Synook

HTML v XHTML

HTML and XHTML are two markup languages used for describing web pages. They are based on two difference markup standards, the former the older SGML specification, while XHTML is based on XML. When writing up web pages, we (basically) have a choice between these languages – so which one?

On the surface, the languages are much the same, however there are many differences between the two languages, not just in terms is syntax, but also in terms of capacities. For example, XML allows the definition of namespaces, which allow multiple types, or “flavours”, of XML to exist within the one document, for instance not just XHTML but also SGML, etc. XML also has the xml: namespace, for semantic purposes. However, the vast majority of people hardly use, or even have a need for, any of these additional features.

Therefore, in the end, most of us are really just writing HTML with XML syntax, and, indeed, we are even serving it with the text/html MIME type. While this is technically allowed for XHTML, such documents must follow certain guidelines – so much so that we are basically reduced to writing HTML anyway, just with a few extra syntactic restrictions.

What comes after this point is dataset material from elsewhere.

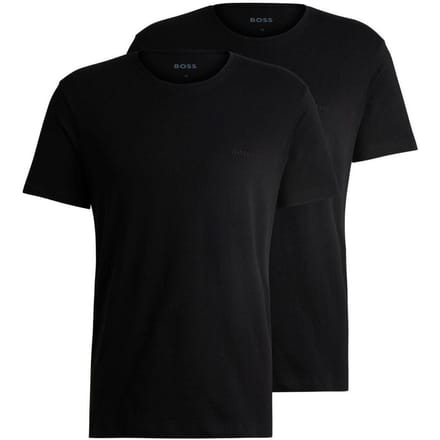 Boss T-shirt voor heren met relaxte pasvorm (set van 2) (Zwart)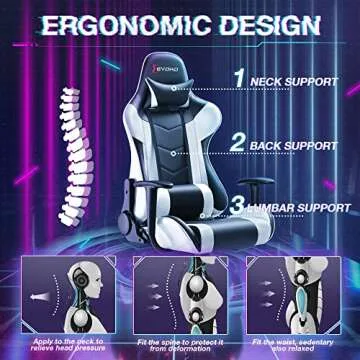 Devoko Ergonomic Gaming Chair Racing Style Adjustable Height High Back PC Computer Chair with Headrest and Lumbar Support Executive Office Chair (White)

Indeed, one of the reasons why people do advocate XHTML is because of its stricter syntax, and this is true; formally, XML’s syntax is more restrictive than that of SGML, which can be written in very strange ways. However, there is nothing to stop us writing HTML in syntactically conservative manner as well – there is nothing in the language that stops us from doing that. The validator won’t pick it up, you say? Well, the validator doesn’t pick up many things, anyway, and one must not let writing in XHTML lure them into a false sense of security when they see that big “valid” sign. In my opinion, the extraneous syntactic additions of XHTML just make understanding the languages more difficult, and ultimately make the process of constructing valid documents more difficult, especially for beginners.

In the end, there are some cases in which the use of XHTML is advantageous, such as for more convenient parsing by other scripts. Nevertheless, in the vast majority of cases, writing in XHTML conveys no significant advantages over HTML, and remains by far the simpler and more compatible option. Even the W3C have given up on future separate versions of XHTML, preferring to focus on SGML in HTML5, and then serialize the language for XML afterwards.